== Supplied records

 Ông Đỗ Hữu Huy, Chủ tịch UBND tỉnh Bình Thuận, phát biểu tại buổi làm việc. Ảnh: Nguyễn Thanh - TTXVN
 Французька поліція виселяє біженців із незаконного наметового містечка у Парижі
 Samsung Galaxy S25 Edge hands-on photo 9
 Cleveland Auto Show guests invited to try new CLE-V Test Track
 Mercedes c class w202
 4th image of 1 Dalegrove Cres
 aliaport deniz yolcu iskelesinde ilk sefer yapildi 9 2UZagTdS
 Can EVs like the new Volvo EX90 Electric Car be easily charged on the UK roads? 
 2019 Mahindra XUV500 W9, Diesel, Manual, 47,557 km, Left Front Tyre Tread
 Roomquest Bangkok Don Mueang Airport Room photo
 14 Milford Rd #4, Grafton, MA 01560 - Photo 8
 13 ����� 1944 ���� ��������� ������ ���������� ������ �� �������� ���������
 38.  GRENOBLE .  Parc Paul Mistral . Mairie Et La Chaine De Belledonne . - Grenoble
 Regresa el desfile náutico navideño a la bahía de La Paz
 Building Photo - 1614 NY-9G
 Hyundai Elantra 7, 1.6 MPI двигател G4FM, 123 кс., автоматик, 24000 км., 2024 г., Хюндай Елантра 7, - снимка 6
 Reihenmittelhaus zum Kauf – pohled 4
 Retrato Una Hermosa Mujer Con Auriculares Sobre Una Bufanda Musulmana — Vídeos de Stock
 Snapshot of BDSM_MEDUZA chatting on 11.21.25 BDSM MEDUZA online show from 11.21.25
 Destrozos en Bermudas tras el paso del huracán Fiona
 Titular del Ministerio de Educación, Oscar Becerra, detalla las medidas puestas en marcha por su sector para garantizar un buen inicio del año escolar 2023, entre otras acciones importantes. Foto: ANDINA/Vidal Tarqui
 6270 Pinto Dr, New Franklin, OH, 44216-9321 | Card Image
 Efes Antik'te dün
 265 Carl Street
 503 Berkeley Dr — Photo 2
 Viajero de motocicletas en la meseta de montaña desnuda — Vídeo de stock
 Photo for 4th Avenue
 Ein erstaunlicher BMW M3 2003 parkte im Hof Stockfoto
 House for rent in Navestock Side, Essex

====

Work item:
Transcribe all the material exactly.

Response to the task:
 Ông Đỗ Hữu Huy, Chủ tịch UBND tỉnh Bình Thuận, phát biểu tại buổi làm việc. Ảnh: Nguyễn Thanh - TTXVN
 Французька поліція виселяє біженців із незаконного наметового містечка у Парижі
 Samsung Galaxy S25 Edge hands-on photo 9
 Cleveland Auto Show guests invited to try new CLE-V Test Track
 Mercedes c class w202
 4th image of 1 Dalegrove Cres
 aliaport deniz yolcu iskelesinde ilk sefer yapildi 9 2UZagTdS
 Can EVs like the new Volvo EX90 Electric Car be easily charged on the UK roads? 
 2019 Mahindra XUV500 W9, Diesel, Manual, 47,557 km, Left Front Tyre Tread
 Roomquest Bangkok Don Mueang Airport Room photo
 14 Milford Rd #4, Grafton, MA 01560 - Photo 8
 13 ����� 1944 ���� ��������� ������ ���������� ������ �� �������� ���������
 38.  GRENOBLE .  Parc Paul Mistral . Mairie Et La Chaine De Belledonne . - Grenoble
 Regresa el desfile náutico navideño a la bahía de La Paz
 Building Photo - 1614 NY-9G
 Hyundai Elantra 7, 1.6 MPI двигател G4FM, 123 кс., автоматик, 24000 км., 2024 г., Хюндай Елантра 7, - снимка 6
 Reihenmittelhaus zum Kauf – pohled 4
 Retrato Una Hermosa Mujer Con Auriculares Sobre Una Bufanda Musulmana — Vídeos de Stock
 Snapshot of BDSM_MEDUZA chatting on 11.21.25 BDSM MEDUZA online show from 11.21.25
 Destrozos en Bermudas tras el paso del huracán Fiona
 Titular del Ministerio de Educación, Oscar Becerra, detalla las medidas puestas en marcha por su sector para garantizar un buen inicio del año escolar 2023, entre otras acciones importantes. Foto: ANDINA/Vidal Tarqui
 6270 Pinto Dr, New Franklin, OH, 44216-9321 | Card Image
 Efes Antik'te dün
 265 Carl Street
 503 Berkeley Dr — Photo 2
 Viajero de motocicletas en la meseta de montaña desnuda — Vídeo de stock
 Photo for 4th Avenue
 Ein erstaunlicher BMW M3 2003 parkte im Hof Stockfoto
 House for rent in Navestock Side, Essex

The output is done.